Operating System - OpenVMS
1754323 Members
2651 Online
108813 Solutions
New Discussion юеВ

remove a quorum disk when adding a 3rd node to cluster

 
SOLVED
Go to solution
Jan van den Ende
Honored Contributor

Re: remove a quorum disk when adding a 3rd node to cluster

Cass,


Do you really want to remove the quorum disk? With three nodes you have to have two nodes up to maintain a quorum.


That is NOT true.
Well... it IS true if you have two nodes crashing on you at the same time.....

But if you do a normal shutdown of first one node (and DO NOT forget the REMOVE_NODE option), then as soon as that node is down you can do the same to another node, and continue happily with a one-node cluster.

This same scheme only gets a little trickier if you have four (or more) nodes which you bring down to one. THEN, to get back, you will have to boot your first returning node conversational and set a lower EXPECTED_VOTES (see above) to prevent hanging until the next one boots and brings quorum.
Actually, to be exact, read this as VOTES, not nodes, in case not all nodes have equal votes...

hth

Cheers.

Have one on me.

Jan
Don't rust yours pelled jacker to fine doll missed aches.
Paul Coviello
Frequent Advisor

Re: remove a quorum disk when adding a 3rd node to cluster

Jan, so in your scenario of 4 nodes is that with or without the qdisk?

thanks
Paul
who real soon is going to have many drinks!
Jan van den Ende
Honored Contributor

Re: remove a quorum disk when adding a 3rd node to cluster

Paul,

that is definitely WITHOUT.

In my view (not necessary everybody's) a Quorum disk is just a tiny, stupid trick, regrettably necessary if you are unfortunate enough to be really needing a cluster, but painfully restricted to two, both potentially lonely, nodes...

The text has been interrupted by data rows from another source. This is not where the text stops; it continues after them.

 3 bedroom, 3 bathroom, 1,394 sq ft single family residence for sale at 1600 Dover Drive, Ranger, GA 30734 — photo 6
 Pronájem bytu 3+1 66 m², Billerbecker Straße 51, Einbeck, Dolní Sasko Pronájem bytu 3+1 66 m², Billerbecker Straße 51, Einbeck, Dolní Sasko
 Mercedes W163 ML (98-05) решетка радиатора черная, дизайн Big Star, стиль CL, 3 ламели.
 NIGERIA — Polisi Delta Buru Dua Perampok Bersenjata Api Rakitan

I am gonna join a 100 KM traffic jam now, and when I have conquered that I will join you in spirit. I have some good beers cold.

Cheers.

Have one on me.

Jan
Don't rust yours pelled jacker to fine doll missed aches.
Uwe Zessin
Honored Contributor

Re: remove a quorum disk when adding a 3rd node to cluster

The rules about votes, expected_votes and quorum are the same whether you have a quorum disk or not. Just consider the quorum disk as a node that is almost always up - except that it enlarges you cluster transition times :-(

Jan, I hope you're doing well... I really HATE traffic jams!
.
Keith Parris
Trusted Contributor

Re: remove a quorum disk when adding a 3rd node to cluster

Cass's option of using a quorum disk can make the system management easier, as by giving the quorum disk one less vote than the total of the votes of all the systems, you can shut systems down one by one to a single node without having to use the REMOVE_NODE option, and yet you can survive failure of the quorum disk and continue to run, provided all the VMS nodes are up at the time.

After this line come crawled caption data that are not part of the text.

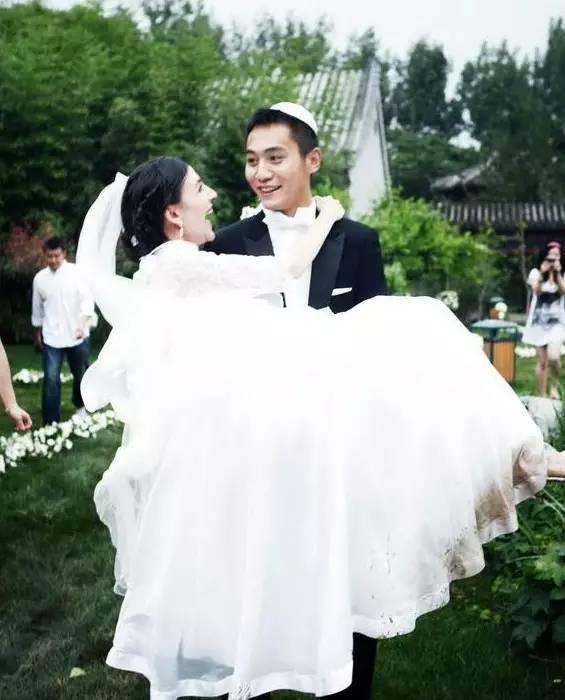 回顾和谢娜相恋六年后娶法国记者嗜酒如命的刘烨如何收获爱情
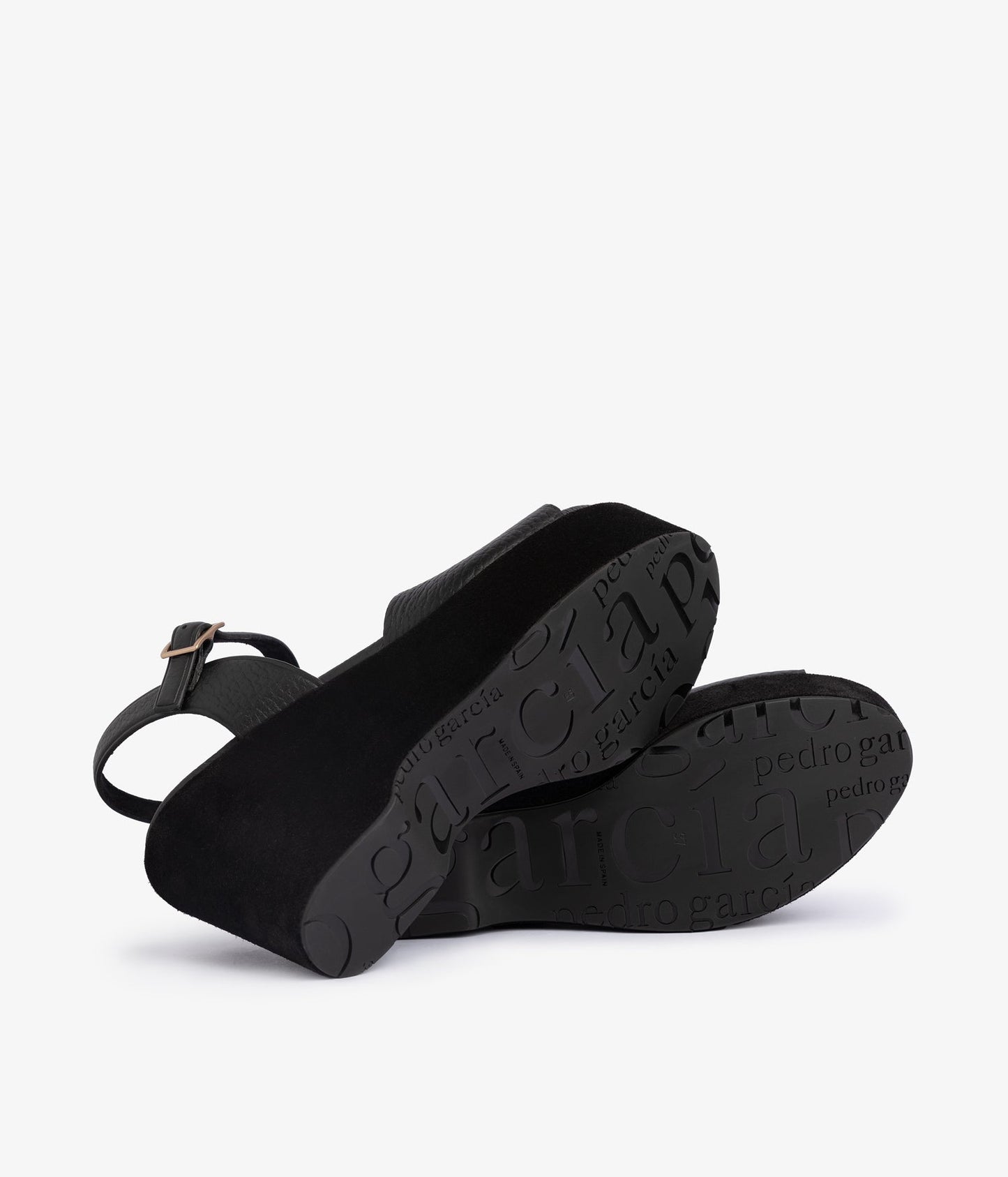 doina / black cervo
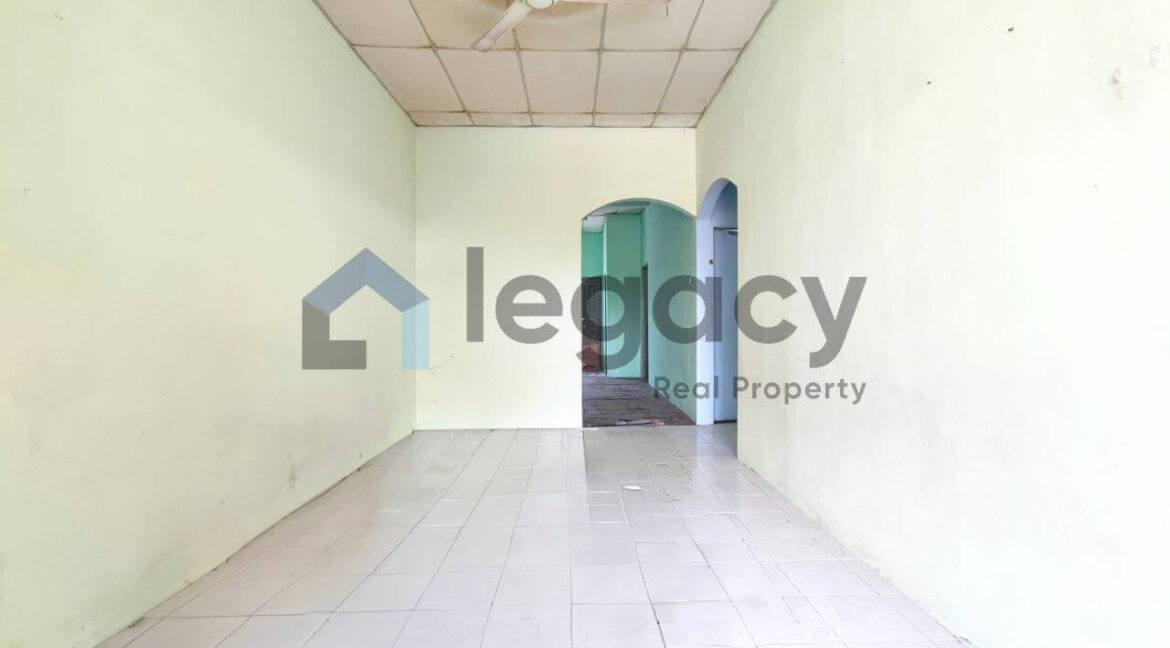 rumah-teres-setingkat-untuk-dijual-di-taman-melor-teluk-intan-perak-05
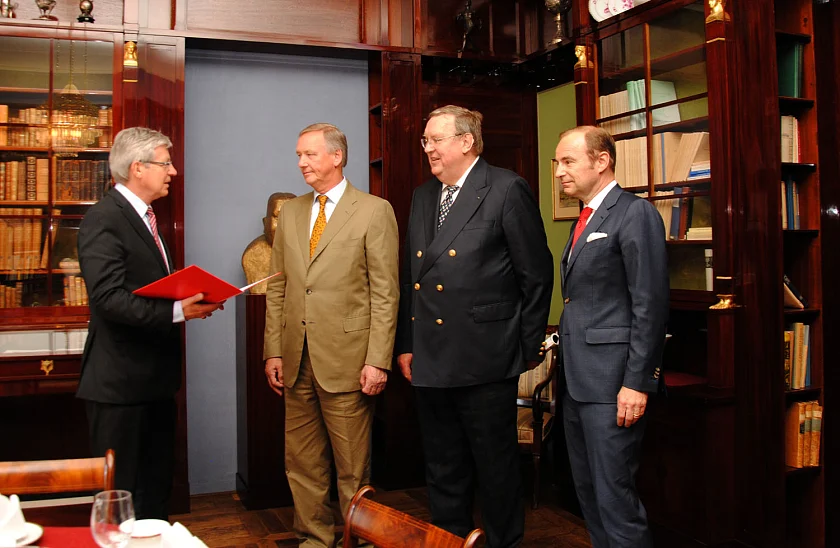 Urkundenübergabe in der Bibliothek: Bürgermeister Jens Böhrnsen, Honorarkonsul der Republik Polen Axel Lenderoth, Honorarkonsul a.D., Dr. Hans-Dietrich Paschmeyer und Hans-Christoph Enge (v.l.)
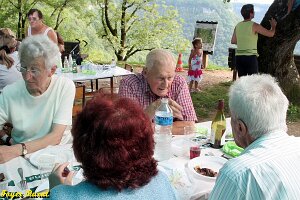 2007_repas foyer_170 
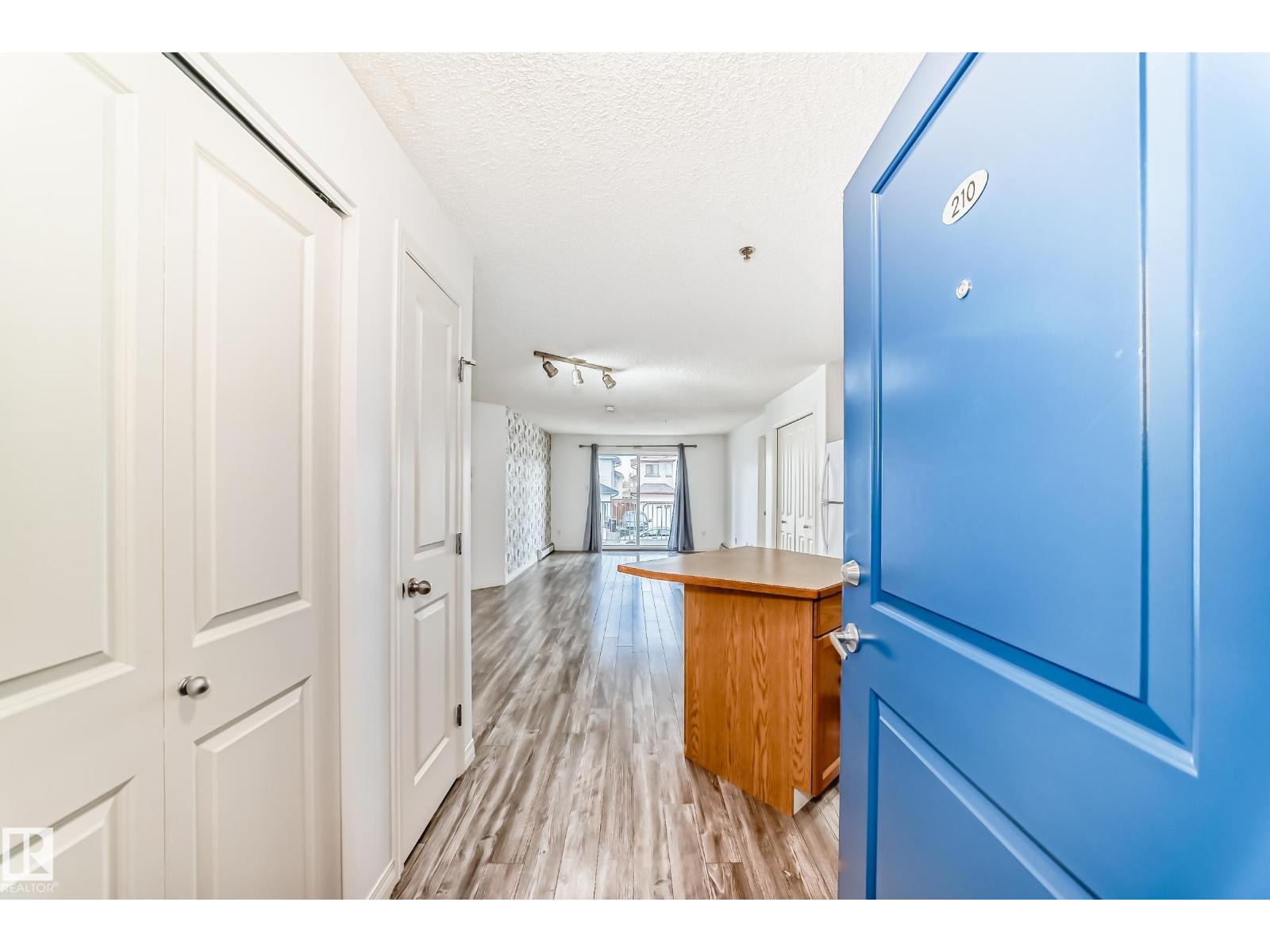 #210 2305 35A AV NW - 3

The downside of this is that after a node leaves unexpectedly (e.g. power supply failure, cluster interconnect hardware failure, or Control-P/Halt), after the RECNXINTERVAL period has elapsed, it will take additional time (up to 4 times QDSKINTERVAL seconds) to re-validate the quorum disk's votes, and that can cause a delay in the cluster regaining quorum. With the old default value of 10 seconds for QDSKINTERVAL, that could take up to 40 seconds, which was a long time. With the new default value of 3 seconds for QDSKINTERVAL, that could now take up to 12 seconds.

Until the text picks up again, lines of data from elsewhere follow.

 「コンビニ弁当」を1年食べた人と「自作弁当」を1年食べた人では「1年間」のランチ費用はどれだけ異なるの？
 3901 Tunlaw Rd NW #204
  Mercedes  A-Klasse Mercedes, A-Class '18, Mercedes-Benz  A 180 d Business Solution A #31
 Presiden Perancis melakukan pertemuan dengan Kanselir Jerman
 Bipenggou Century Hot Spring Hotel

And keep in mind that anytime you use the REMOVE_NODE option on SHUTDOWN to take the cluster below a majority of the potential votes, you have voluntarily created a situation where the quorum scheme cannot totally protect you against a partitioned cluster. For example, if you take the cluster down to a single node, and it continues to run, but its LAN adapter or whatever you're using for a cluster interconnect fails, then there's nothing to prevent the other 2 nodes from booting, forming a separate cluster (as 2 votes are enough to achieve quorum in this case), and trashing the shared SAN disks. (That is, there's nothing to prevent this happening other than your human intervention as a system manager to prevent someone from trying to boot the other 2 nodes at once).
Paul Coviello
Frequent Advisor

Re: remove a quorum disk when adding a 3rd node to cluster

ok did I ever think I would get into this deep of a discussion about this, not!

ok let me step back one step and describe the environment...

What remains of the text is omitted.